In my time here, I’ve walked every foot of this three-acre campus. I saw my first luna moth here, my first firefly. There is so much beauty here, from the hidden trails in the Bracken Preserve to the Whittington-Pfohl Auditorium at midnight, still and glowing.
I’ve made so many friends, so many amazing memories here. But some of the moments most dear to me weren’t on campus at all, but at the HobNob, a restaurant on the edge between the town and the forest, set up inside a 30-year-old white colonial. I’ve never played another venue like it.
I wandered into the HobNob on my first Sunday here in 2009, because someone had told me there was live jazz. Joe Lulloff, running the band, invited me to sit in the following week, and that was it. I came back every Sunday. Then I did the same the next year. When I joined the faculty in 2015, I came back again. Every single week.
Then last year, the music got a little less frequent. The tables were a little less busy. This summer, two weeks ago, I drove by the HobNob on my way to campus, and discovered a vacant white colonial, guarded by its locked iron gate and a For Rent sign.
Everything changes. As someone great once said, it’s the only thing you can know for sure about this world.
When something does change — whether it’s momentous, like a personal tragedy, or infinitesimal, like a little Southern live jazz spot closing its doors — we react, we adjust, and we eventually regain our rhythm. Change is hard, there’s no mistake. But it’s part of life. We recognize it and embrace it, and we learn to love what comes after.
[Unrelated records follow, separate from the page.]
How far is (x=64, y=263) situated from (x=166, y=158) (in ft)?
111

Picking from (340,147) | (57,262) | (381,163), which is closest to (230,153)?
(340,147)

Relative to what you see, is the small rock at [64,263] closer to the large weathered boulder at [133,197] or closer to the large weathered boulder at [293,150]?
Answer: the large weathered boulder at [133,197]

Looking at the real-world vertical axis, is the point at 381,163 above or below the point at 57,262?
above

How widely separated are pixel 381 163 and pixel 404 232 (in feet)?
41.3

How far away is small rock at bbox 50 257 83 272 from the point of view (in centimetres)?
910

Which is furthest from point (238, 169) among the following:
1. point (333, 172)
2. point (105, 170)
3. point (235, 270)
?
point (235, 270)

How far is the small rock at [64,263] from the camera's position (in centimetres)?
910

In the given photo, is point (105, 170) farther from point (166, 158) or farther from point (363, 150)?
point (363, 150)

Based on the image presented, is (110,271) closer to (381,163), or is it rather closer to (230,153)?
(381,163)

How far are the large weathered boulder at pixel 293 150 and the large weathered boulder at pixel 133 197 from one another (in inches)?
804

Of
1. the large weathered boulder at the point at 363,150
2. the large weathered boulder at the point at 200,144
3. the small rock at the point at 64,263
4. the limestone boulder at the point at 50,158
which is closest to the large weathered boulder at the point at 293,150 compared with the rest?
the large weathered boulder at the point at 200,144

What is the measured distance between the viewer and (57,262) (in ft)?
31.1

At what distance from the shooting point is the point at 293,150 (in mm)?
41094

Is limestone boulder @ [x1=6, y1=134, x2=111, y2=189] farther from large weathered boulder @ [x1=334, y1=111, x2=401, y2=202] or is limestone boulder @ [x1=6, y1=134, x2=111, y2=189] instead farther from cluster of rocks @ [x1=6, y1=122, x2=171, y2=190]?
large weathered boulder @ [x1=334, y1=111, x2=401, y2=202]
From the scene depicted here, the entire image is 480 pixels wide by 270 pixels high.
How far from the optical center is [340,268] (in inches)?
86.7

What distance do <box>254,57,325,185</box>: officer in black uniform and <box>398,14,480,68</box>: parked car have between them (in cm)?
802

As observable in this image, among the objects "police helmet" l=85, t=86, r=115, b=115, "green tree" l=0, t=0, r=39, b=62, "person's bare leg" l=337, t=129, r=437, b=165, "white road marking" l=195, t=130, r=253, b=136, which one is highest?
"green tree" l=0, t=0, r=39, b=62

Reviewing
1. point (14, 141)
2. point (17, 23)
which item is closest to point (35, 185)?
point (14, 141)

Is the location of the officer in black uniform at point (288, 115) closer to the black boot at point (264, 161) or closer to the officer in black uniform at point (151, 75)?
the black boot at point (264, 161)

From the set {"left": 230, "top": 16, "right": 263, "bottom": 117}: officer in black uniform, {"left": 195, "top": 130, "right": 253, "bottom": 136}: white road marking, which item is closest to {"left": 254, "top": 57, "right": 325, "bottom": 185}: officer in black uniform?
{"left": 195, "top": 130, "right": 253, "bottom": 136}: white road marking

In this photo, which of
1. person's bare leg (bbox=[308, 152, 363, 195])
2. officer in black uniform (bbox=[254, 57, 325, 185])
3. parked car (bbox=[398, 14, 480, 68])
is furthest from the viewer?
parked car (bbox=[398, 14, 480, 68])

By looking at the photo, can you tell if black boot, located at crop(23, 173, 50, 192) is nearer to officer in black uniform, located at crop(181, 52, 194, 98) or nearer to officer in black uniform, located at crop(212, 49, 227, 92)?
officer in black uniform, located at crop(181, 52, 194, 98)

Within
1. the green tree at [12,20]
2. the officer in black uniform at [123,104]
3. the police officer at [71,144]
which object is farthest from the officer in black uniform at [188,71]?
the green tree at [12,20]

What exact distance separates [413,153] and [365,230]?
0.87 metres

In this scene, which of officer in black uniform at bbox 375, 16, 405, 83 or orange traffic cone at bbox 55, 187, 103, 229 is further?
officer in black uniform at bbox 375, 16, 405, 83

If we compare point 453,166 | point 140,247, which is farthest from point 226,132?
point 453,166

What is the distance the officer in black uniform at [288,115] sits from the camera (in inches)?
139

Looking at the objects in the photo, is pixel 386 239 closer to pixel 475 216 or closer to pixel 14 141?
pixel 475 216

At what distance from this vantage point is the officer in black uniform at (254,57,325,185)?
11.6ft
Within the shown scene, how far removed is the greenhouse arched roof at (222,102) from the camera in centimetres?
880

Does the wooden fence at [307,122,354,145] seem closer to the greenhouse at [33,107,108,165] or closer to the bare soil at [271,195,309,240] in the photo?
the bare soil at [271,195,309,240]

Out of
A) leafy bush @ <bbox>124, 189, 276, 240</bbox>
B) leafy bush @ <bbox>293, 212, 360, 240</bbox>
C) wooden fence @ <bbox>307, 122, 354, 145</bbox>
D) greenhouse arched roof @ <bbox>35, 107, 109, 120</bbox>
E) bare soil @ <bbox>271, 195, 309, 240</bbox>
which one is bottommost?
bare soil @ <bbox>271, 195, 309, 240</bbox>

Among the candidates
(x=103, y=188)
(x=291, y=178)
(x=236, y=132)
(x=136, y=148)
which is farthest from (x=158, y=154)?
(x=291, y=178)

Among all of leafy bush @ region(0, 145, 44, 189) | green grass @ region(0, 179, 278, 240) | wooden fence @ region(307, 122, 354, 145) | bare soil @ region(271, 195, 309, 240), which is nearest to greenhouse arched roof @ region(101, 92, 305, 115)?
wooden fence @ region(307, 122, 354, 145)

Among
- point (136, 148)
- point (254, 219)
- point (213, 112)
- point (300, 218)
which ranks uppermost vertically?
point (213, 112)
I have to relearn this lesson frequently, because I have to teach it. Talk to almost any young composer, and they’ll tell you about their “voice”: the abstract set of stylistic traits that defines a composer’s oeuvre. Some will say they’ve found it. Many will say they’re worried because they haven’t. They’ll feel an urgency to define who they are for the world, for reasons artistic, philosophical, professional, and economical.
I was the same way for a long time: my script said that without a voice, I was an amateur, a dilettante. Serious composers, I thought, have voices. They have styles and signatures. And they find them young.
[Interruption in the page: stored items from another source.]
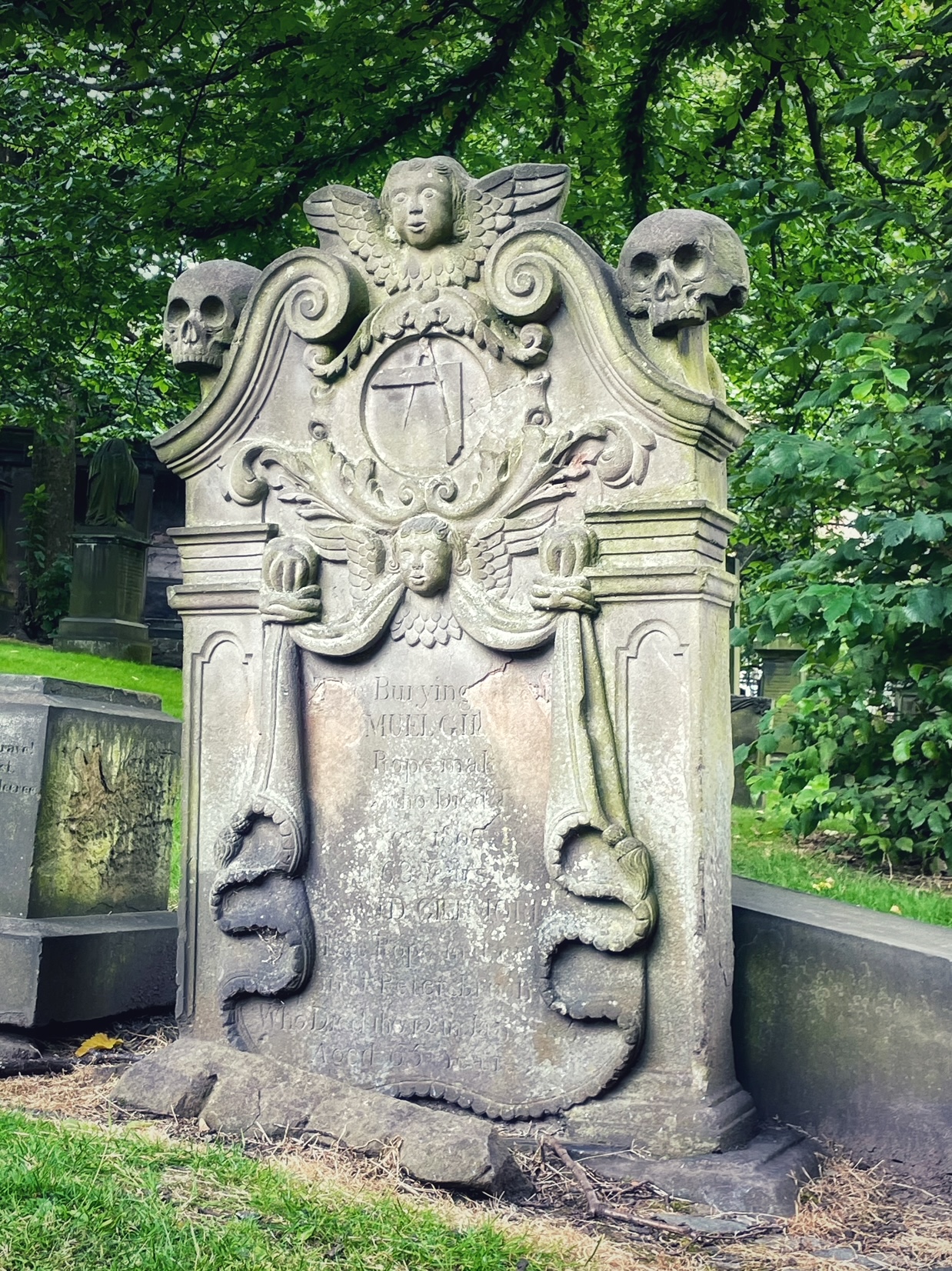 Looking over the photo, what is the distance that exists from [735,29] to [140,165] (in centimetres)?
506

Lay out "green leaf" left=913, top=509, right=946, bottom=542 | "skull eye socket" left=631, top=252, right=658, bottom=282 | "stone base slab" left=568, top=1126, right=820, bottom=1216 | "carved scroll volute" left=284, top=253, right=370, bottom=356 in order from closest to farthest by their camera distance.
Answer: "stone base slab" left=568, top=1126, right=820, bottom=1216, "skull eye socket" left=631, top=252, right=658, bottom=282, "carved scroll volute" left=284, top=253, right=370, bottom=356, "green leaf" left=913, top=509, right=946, bottom=542

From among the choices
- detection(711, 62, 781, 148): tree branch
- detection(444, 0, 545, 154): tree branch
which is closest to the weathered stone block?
detection(444, 0, 545, 154): tree branch

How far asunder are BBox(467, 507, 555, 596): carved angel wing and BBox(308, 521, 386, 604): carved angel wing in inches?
12.9

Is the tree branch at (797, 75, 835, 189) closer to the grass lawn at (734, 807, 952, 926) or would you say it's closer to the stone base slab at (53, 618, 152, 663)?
the grass lawn at (734, 807, 952, 926)

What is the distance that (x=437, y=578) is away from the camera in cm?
419

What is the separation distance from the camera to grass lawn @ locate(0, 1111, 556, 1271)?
277cm

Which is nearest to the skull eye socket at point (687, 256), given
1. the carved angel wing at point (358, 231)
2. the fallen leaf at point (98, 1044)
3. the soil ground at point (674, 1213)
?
the carved angel wing at point (358, 231)

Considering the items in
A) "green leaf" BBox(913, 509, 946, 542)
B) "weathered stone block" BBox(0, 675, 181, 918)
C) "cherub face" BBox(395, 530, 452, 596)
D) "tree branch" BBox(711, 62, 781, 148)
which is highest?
"tree branch" BBox(711, 62, 781, 148)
Which is, of course, bullshit. Nobody knows who they are when they’re nineteen. Hell, a 19-year-old is usually too dumb to even know he doesn’t know who he is. For that matter, no one is their 24-year-old self forever… or their 30-year-old self, or even their 40-year-old self. Everything changes, and people are no exception.
The narrative about voice among young composers is not, I think, there because it’s real or even because it makes sense. It’s there because every composer is afraid. Afraid of being unemployed, of being unperformed, or even just of being unready. Anxiety is part and parcel of being a composer, because there are so many vying for so few opportunities to be heard. If a college junior can point to a language as their “voice,” it lends them legitimacy. They have a security blanket against the nagging fear that their music isn’t good enough. How could it ever not be good enough? It’s me.
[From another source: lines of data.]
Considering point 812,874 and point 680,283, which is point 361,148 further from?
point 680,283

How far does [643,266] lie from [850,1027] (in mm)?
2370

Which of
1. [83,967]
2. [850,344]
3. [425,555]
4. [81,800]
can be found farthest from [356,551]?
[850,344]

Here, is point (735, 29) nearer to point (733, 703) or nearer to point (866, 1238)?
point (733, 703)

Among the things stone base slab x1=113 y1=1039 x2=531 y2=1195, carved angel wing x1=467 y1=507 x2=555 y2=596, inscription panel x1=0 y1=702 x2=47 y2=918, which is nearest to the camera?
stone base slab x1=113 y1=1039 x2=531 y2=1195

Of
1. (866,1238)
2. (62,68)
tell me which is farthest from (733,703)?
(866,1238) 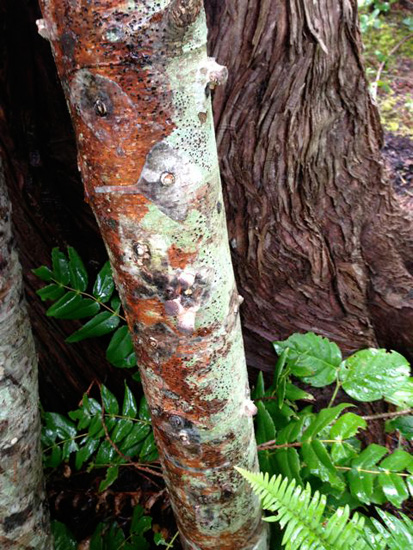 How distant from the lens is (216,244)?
3.57 feet

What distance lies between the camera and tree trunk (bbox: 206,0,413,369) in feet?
5.49

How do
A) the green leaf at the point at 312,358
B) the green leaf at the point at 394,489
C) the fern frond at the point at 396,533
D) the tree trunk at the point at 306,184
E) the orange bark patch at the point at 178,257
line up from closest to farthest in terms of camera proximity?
the orange bark patch at the point at 178,257 → the fern frond at the point at 396,533 → the green leaf at the point at 394,489 → the tree trunk at the point at 306,184 → the green leaf at the point at 312,358

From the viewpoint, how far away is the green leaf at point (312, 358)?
1825mm

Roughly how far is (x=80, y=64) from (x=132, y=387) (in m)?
1.81

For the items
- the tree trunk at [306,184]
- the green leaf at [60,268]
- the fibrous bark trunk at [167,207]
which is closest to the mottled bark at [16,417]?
the green leaf at [60,268]

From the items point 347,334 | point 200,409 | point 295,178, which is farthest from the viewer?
point 347,334

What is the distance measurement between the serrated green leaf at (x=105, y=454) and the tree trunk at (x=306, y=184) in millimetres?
670

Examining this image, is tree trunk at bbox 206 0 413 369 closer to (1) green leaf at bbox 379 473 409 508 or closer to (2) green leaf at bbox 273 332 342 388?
(2) green leaf at bbox 273 332 342 388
The problem is that believing you see your own voice leads to closed-mindedness, and closed-mindedness usually means you stop learning. The longer you believe you must write one way, the harder it is to write any other. You can’t grow, evolve, or expand the way you need to to attain artistry. The security blanket becomes a straitjacket.
That means that just about all young composers, including me, need to let go the concept of voice. But that’s a hard sell when the roots of it are so deeply mired in anxiety and self-doubt — mired in fear of whether your work actually matters enough. The instinct is to stay safe. Stay with what works, musically and otherwise. So I often have to remind my students, and myself:
Staying in the same place doesn’t teach you who you are. Change does that.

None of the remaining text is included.